Good question, I’ll try to remember :) dig -x was non-conclusive, the website 
just showed a roundcube login. But somehow I got to a „settings“ page which 
showed IMAP, POP and SMTP servers to configure, with the right hostname, which 
resolved back to the very IP.

> One thing that would be cool is a heat-map/aggregation of the sa-update data 
> which might also find issues like this but also show useful information like 
> where our sa-update mirrors are getting used most, identify the actual 
> aggregated load, etc.  Thoughts?

I’m very much in favor of aggregating and analyzing data, that’s bascially what 
we do at dnswl.org <http://dnswl.org/> :) Having said that, I usually don’t see 
that much load on our sa-update mirror, just a bit of bandwidth being used. 

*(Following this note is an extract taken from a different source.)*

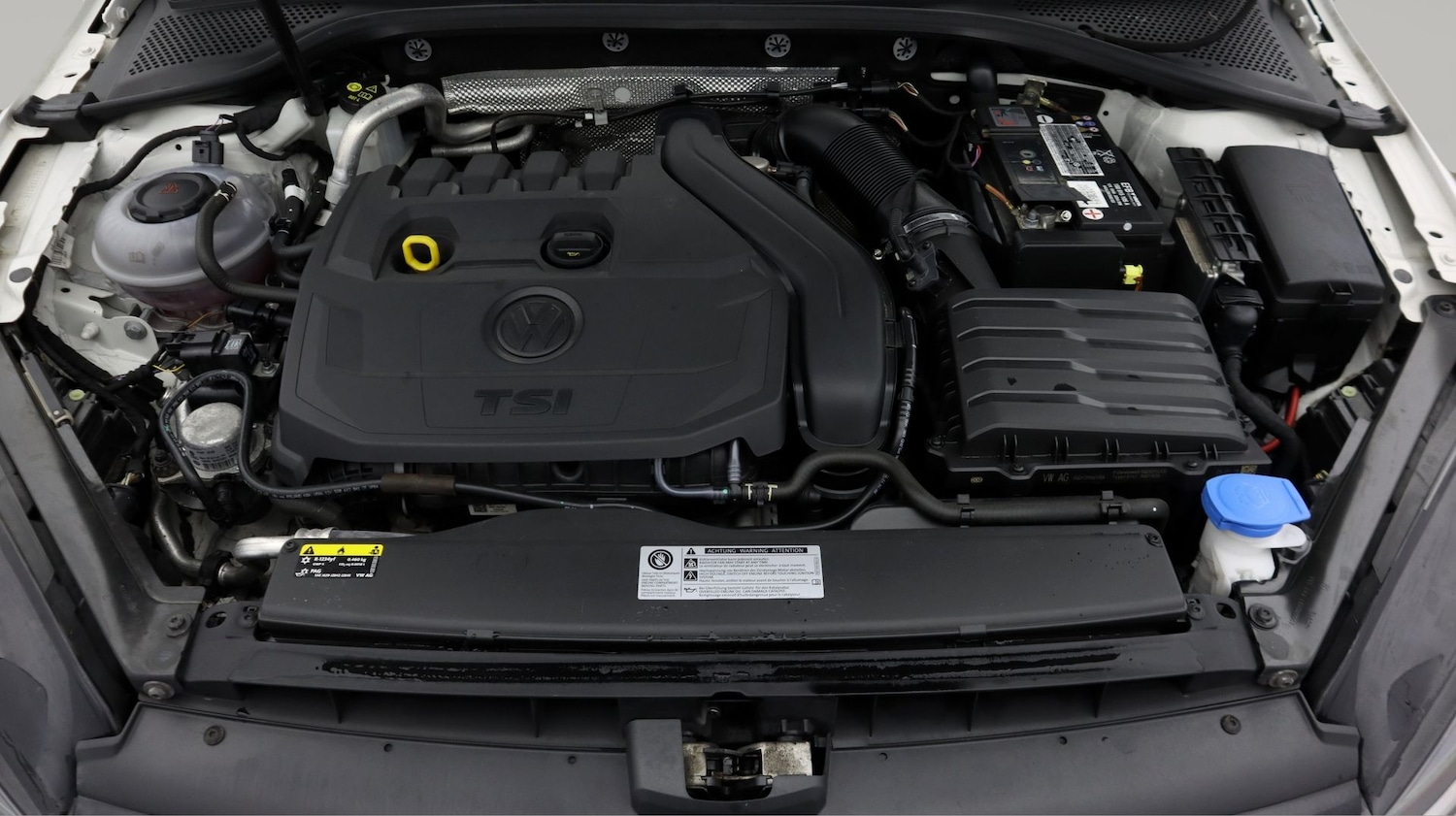 Used Volkswagen Golf 2018 for sale - 77908400: Photo 19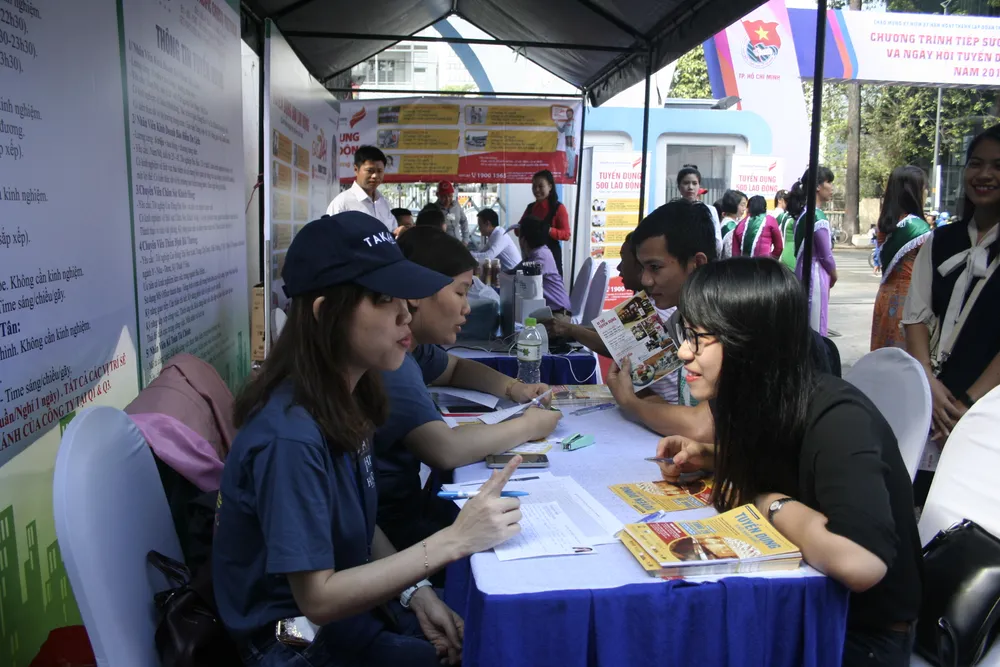 Nhiều cơ hội việc làm cho người lao động trong Ngày hội tuyển dụng 2018 ảnh 2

It could give us an overview of how / where SpamAssassin is being used, and 
maybe see how the usage changes over time? Example below (would be sufficient 
to run on a sample of the logs, when we’re only interested in relative size):

# grep "sa-update\/svn" access_log | grep -v "\.tar\.gz " > /tmp/x
# cat /tmp/x | cut -d "/" -f 1,7 | sort | uniq | cut -d "/" -f 2 | sort | uniq 
-c | sort -rn | less
    176 3.3.2"
     93 3.3.1"
     15 3.4.1"
     15 3.1.8"
      3 3.2.4"
      2 3.4.0"
      2 3.2.1"
      1 3.2.3“

That’s about half a day worth of logs. 3.2.x seems basically dead, but there 
are still 15 sites using 3.1.8 (oh my). But there are quite a few with user 
agent <> „sa-update“ (but with curl/wget).